- Major US newspapers sue OpenAI, Microsoft over alleged copyright infringement.
- Publishers claim AI models trained on copyrighted articles without permission or compensation.
- Legal battle highlights intellectual property challenges as AI revolution accelerates.
Eight prominent US newspapers, including the New York Daily News, Chicago Tribune, and Denver Post, have fired off a legal salvo against tech titans OpenAI and Microsoft.
The allegation?
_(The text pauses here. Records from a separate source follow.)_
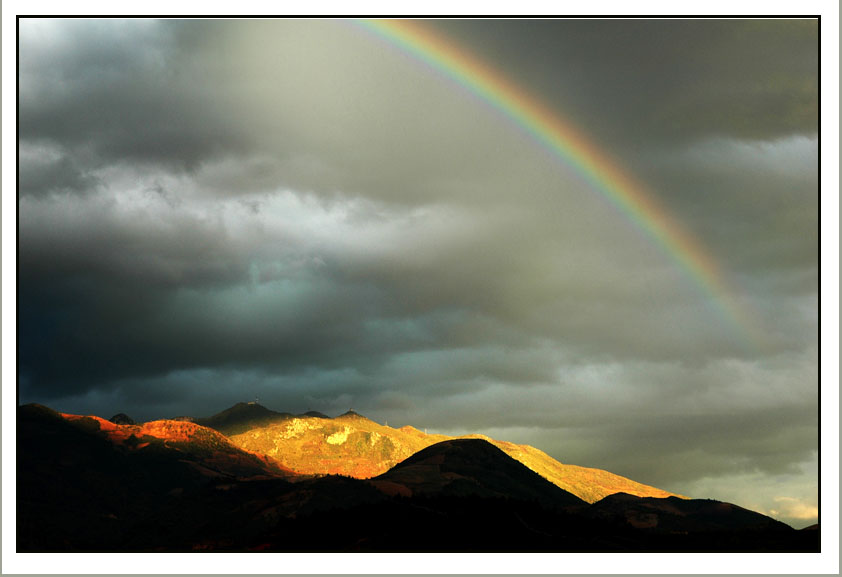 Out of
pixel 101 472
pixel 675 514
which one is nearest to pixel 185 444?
pixel 101 472

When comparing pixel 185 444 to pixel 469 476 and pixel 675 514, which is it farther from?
pixel 675 514

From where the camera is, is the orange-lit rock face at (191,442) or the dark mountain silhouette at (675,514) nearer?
the dark mountain silhouette at (675,514)

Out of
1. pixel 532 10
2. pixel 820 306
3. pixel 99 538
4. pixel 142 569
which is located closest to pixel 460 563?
pixel 142 569

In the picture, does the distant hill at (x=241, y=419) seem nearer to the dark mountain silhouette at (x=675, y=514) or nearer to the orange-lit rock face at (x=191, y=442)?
the orange-lit rock face at (x=191, y=442)

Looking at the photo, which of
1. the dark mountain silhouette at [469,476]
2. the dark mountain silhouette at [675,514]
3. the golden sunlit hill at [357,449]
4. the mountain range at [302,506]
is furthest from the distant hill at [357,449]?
the dark mountain silhouette at [675,514]

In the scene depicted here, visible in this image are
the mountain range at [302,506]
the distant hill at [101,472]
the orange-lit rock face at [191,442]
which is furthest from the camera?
the orange-lit rock face at [191,442]

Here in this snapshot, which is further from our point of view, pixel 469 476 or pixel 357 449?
pixel 357 449

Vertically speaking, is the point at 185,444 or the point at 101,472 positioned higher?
the point at 185,444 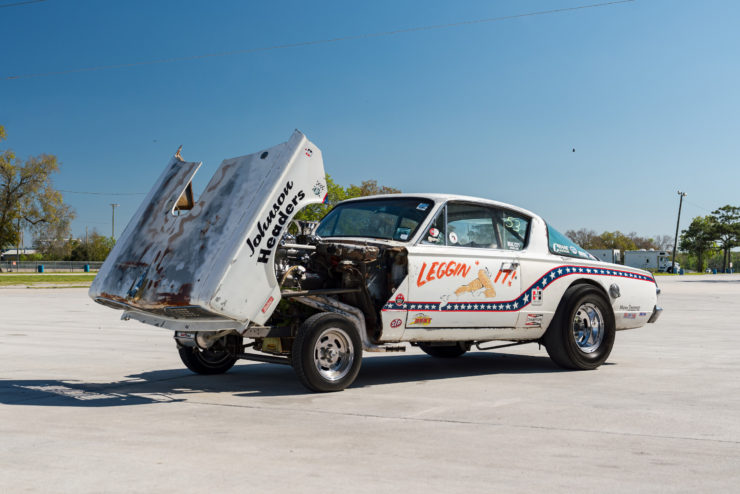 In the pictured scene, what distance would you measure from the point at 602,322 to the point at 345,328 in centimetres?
356

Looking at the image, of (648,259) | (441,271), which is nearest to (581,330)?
(441,271)

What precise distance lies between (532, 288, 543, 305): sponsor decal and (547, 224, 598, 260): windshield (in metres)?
0.60

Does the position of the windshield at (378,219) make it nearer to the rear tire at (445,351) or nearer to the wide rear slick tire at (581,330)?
the wide rear slick tire at (581,330)

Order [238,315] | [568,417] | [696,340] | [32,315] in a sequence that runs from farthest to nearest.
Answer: [32,315], [696,340], [238,315], [568,417]

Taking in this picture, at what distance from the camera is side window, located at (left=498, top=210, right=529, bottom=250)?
8.33 metres

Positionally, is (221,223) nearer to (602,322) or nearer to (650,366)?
(602,322)

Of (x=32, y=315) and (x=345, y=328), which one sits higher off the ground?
(x=345, y=328)

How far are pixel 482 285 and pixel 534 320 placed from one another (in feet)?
3.00

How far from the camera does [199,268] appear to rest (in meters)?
6.30

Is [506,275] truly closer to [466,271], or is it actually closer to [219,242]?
[466,271]

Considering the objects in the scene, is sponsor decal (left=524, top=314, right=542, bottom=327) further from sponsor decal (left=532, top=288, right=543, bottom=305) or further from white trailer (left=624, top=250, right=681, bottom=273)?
white trailer (left=624, top=250, right=681, bottom=273)

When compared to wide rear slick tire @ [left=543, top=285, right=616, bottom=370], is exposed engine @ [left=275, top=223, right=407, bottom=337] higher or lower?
higher

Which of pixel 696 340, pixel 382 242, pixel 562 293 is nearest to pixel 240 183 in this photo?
pixel 382 242

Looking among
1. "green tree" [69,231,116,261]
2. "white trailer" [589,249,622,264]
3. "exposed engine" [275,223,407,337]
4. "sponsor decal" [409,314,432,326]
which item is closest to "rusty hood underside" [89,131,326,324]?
"exposed engine" [275,223,407,337]
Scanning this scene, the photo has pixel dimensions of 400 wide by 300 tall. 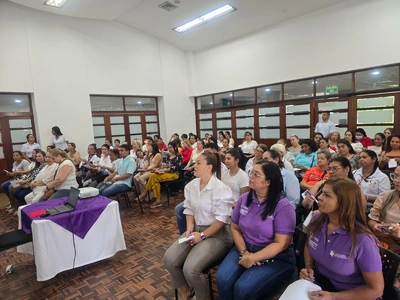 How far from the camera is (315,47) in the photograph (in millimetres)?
6402

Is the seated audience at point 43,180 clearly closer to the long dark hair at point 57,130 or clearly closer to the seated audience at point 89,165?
the seated audience at point 89,165

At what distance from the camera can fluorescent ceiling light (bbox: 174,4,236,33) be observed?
653 cm

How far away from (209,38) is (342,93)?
4.46 meters

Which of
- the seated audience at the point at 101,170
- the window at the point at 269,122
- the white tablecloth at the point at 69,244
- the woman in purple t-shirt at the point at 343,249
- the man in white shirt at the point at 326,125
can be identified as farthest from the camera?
the window at the point at 269,122

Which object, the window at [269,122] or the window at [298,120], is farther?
the window at [269,122]

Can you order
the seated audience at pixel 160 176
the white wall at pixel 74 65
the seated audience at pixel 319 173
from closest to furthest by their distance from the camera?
the seated audience at pixel 319 173, the seated audience at pixel 160 176, the white wall at pixel 74 65

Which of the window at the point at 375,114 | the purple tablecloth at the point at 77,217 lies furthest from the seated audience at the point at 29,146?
the window at the point at 375,114

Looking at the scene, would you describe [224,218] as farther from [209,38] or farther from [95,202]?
[209,38]

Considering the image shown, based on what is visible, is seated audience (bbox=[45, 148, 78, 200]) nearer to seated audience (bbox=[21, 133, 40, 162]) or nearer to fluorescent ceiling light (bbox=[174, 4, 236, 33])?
seated audience (bbox=[21, 133, 40, 162])

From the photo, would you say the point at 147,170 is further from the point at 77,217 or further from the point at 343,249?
the point at 343,249

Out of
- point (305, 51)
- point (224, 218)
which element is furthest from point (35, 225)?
point (305, 51)

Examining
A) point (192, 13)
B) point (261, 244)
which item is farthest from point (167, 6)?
point (261, 244)

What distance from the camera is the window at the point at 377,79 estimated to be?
5520 mm

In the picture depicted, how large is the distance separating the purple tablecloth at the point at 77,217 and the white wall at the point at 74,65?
4.96 m
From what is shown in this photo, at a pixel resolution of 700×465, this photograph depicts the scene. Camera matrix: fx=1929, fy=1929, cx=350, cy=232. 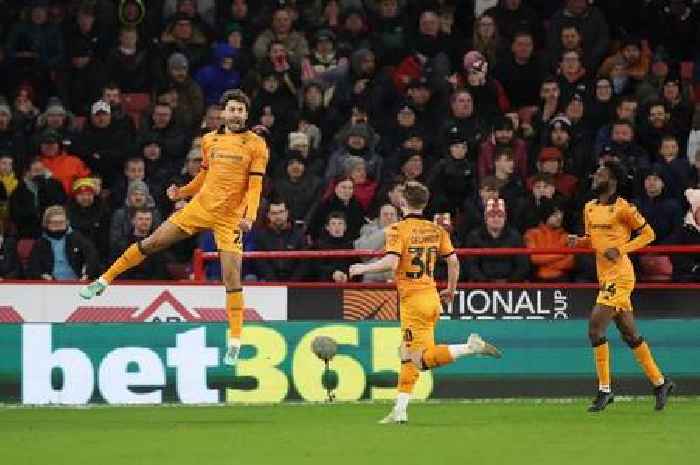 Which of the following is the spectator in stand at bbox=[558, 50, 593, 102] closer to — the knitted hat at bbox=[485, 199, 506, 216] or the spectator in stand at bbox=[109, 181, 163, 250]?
the knitted hat at bbox=[485, 199, 506, 216]

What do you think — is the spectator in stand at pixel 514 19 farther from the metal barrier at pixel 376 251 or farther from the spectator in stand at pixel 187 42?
the metal barrier at pixel 376 251

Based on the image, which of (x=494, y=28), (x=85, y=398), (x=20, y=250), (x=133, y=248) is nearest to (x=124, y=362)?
(x=85, y=398)

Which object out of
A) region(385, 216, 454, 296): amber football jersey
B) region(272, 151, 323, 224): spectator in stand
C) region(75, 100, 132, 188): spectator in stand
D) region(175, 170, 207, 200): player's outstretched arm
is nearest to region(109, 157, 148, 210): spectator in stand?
region(75, 100, 132, 188): spectator in stand

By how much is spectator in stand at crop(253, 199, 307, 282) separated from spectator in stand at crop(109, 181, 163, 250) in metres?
1.25

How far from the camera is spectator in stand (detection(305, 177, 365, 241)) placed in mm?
21703

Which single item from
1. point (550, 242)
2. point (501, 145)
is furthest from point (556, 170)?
point (550, 242)

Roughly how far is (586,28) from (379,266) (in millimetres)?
10188

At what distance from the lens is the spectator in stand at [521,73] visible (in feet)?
79.3

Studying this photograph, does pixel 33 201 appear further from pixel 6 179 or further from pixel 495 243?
pixel 495 243

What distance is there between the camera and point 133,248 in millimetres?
16688

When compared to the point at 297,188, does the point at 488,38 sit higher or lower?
higher

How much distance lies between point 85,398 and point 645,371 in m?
5.33

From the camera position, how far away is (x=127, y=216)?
21625 millimetres

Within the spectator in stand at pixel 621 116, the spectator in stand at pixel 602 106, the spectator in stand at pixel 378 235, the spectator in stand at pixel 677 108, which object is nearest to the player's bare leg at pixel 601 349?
the spectator in stand at pixel 378 235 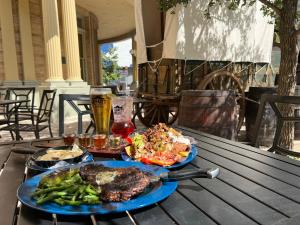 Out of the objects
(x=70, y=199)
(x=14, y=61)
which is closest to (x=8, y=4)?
(x=14, y=61)

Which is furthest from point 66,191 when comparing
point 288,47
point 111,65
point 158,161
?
point 111,65

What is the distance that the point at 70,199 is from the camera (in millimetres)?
697

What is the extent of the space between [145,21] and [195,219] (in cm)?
476

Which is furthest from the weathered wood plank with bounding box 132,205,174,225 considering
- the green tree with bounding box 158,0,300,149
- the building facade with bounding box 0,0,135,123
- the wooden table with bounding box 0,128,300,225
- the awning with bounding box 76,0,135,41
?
the awning with bounding box 76,0,135,41

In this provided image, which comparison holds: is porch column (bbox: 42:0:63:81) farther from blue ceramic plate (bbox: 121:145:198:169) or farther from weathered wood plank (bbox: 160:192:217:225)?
weathered wood plank (bbox: 160:192:217:225)

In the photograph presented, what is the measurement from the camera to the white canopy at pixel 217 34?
425cm

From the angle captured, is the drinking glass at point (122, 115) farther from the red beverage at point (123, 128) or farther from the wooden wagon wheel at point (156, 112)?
the wooden wagon wheel at point (156, 112)

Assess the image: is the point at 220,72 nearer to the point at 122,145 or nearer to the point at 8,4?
the point at 122,145

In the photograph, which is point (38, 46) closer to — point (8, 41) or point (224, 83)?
point (8, 41)

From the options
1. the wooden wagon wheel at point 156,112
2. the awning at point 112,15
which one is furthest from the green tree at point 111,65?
the wooden wagon wheel at point 156,112

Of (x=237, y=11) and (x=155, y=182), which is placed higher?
(x=237, y=11)

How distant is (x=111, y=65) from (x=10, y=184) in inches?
1324

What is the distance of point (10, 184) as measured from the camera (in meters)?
0.91

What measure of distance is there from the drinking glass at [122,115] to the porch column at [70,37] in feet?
21.5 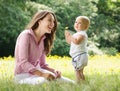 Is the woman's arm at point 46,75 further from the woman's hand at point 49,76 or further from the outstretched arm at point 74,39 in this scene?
the outstretched arm at point 74,39

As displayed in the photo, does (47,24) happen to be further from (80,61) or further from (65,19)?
(65,19)

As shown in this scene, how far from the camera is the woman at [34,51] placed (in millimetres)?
5816

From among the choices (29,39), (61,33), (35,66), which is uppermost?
(29,39)

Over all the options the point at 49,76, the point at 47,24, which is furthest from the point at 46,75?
the point at 47,24

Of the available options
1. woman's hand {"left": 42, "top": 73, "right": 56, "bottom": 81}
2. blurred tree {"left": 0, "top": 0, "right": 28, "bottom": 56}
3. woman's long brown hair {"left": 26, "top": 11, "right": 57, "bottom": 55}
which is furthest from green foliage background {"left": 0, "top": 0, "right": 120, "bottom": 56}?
woman's hand {"left": 42, "top": 73, "right": 56, "bottom": 81}

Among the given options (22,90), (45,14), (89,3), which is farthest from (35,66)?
(89,3)

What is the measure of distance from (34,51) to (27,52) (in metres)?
0.19

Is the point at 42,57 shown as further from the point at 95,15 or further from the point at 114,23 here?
A: the point at 114,23

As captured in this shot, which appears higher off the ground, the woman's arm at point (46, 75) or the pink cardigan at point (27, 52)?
the pink cardigan at point (27, 52)

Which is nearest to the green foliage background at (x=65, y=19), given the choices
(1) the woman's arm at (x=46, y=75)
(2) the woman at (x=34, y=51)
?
(2) the woman at (x=34, y=51)

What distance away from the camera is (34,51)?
604 cm

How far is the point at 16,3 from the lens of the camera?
64.8 feet

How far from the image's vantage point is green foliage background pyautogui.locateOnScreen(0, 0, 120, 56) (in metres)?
19.2

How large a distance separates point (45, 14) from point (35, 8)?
14248 millimetres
Unauthorized use of copyrighted articles to train AI chatbots without securing approval or compensating the publishers. This latest lawsuit adds to OpenAI’s mounting copyright woes.
Billion-dollar businesses built on borrowed content?
Frank Pine, executive editor for the MediaNews Group and Tribune Publishing, pulled no punches, stating,
“We’ve spent billions of dollars gathering information and reporting news, and we can’t allow OpenAI and Microsoft to expand the Big Tech playbook of stealing our work to build their businesses at our expense.”
The plaintiffs share a common owner in the New York-based hedge fund, Alden Global Capital.
Licensing deals struck, but battles rage on
OpenAI has now secured licensing agreements with publishing heavyweights like Axel Springer, the Financial Times, and the Associated Press. The copyright clash extends far beyond Manhattan courtrooms.
Authors in Singapore have voiced concerns over a Southeast Asia-focused large language model backed by the government.
As the AI revolution charges forward, this legal tussle underscores the growing pains surrounding intellectual property rights and the use of copyrighted material in training these powerful models.